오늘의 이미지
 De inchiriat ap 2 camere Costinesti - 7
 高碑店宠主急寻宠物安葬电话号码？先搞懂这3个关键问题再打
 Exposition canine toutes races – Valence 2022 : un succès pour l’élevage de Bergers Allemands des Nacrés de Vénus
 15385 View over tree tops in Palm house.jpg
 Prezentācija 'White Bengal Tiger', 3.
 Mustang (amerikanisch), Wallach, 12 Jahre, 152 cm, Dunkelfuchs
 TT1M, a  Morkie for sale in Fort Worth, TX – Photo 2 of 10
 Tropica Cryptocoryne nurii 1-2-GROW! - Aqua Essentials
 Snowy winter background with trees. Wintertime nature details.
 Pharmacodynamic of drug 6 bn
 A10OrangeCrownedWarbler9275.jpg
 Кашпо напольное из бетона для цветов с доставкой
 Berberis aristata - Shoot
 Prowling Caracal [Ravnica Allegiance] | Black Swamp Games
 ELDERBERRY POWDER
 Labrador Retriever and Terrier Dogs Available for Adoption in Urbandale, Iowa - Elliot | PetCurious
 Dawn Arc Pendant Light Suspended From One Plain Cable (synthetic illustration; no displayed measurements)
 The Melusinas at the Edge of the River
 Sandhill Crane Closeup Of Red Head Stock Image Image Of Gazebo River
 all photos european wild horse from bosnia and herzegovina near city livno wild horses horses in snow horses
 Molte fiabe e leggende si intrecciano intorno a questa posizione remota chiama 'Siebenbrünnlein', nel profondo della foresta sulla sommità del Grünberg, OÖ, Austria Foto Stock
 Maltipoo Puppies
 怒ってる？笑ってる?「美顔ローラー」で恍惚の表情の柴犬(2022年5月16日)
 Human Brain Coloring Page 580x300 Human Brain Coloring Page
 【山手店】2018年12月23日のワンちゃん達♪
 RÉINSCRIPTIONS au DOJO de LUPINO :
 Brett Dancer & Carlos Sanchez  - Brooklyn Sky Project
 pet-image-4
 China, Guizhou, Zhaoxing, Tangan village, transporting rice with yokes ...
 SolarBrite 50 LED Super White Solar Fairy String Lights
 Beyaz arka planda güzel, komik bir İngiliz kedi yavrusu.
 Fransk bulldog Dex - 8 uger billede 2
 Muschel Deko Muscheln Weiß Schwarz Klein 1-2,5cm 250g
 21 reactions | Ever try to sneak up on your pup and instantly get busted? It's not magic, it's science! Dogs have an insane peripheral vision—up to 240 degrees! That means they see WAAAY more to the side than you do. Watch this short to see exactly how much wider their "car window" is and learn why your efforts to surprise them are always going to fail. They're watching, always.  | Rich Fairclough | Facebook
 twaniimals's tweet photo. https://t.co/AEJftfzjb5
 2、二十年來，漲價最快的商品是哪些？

----------------

■ **WHAT THIS TASK INVOLVES**
Please output the exact lines of the records above, beginning with the first and stopping after the line that holds "all photos european", and nothing else.

■ **EXPECTED ANSWER**
오늘의 이미지
 De inchiriat ap 2 camere Costinesti - 7
 高碑店宠主急寻宠物安葬电话号码？先搞懂这3个关键问题再打
 Exposition canine toutes races – Valence 2022 : un succès pour l’élevage de Bergers Allemands des Nacrés de Vénus
 15385 View over tree tops in Palm house.jpg
 Prezentācija 'White Bengal Tiger', 3.
 Mustang (amerikanisch), Wallach, 12 Jahre, 152 cm, Dunkelfuchs
 TT1M, a  Morkie for sale in Fort Worth, TX – Photo 2 of 10
 Tropica Cryptocoryne nurii 1-2-GROW! - Aqua Essentials
 Snowy winter background with trees. Wintertime nature details.
 Pharmacodynamic of drug 6 bn
 A10OrangeCrownedWarbler9275.jpg
 Кашпо напольное из бетона для цветов с доставкой
 Berberis aristata - Shoot
 Prowling Caracal [Ravnica Allegiance] | Black Swamp Games
 ELDERBERRY POWDER
 Labrador Retriever and Terrier Dogs Available for Adoption in Urbandale, Iowa - Elliot | PetCurious
 Dawn Arc Pendant Light Suspended From One Plain Cable (synthetic illustration; no displayed measurements)
 The Melusinas at the Edge of the River
 Sandhill Crane Closeup Of Red Head Stock Image Image Of Gazebo River
 all photos european wild horse from bosnia and herzegovina near city livno wild horses horses in snow horses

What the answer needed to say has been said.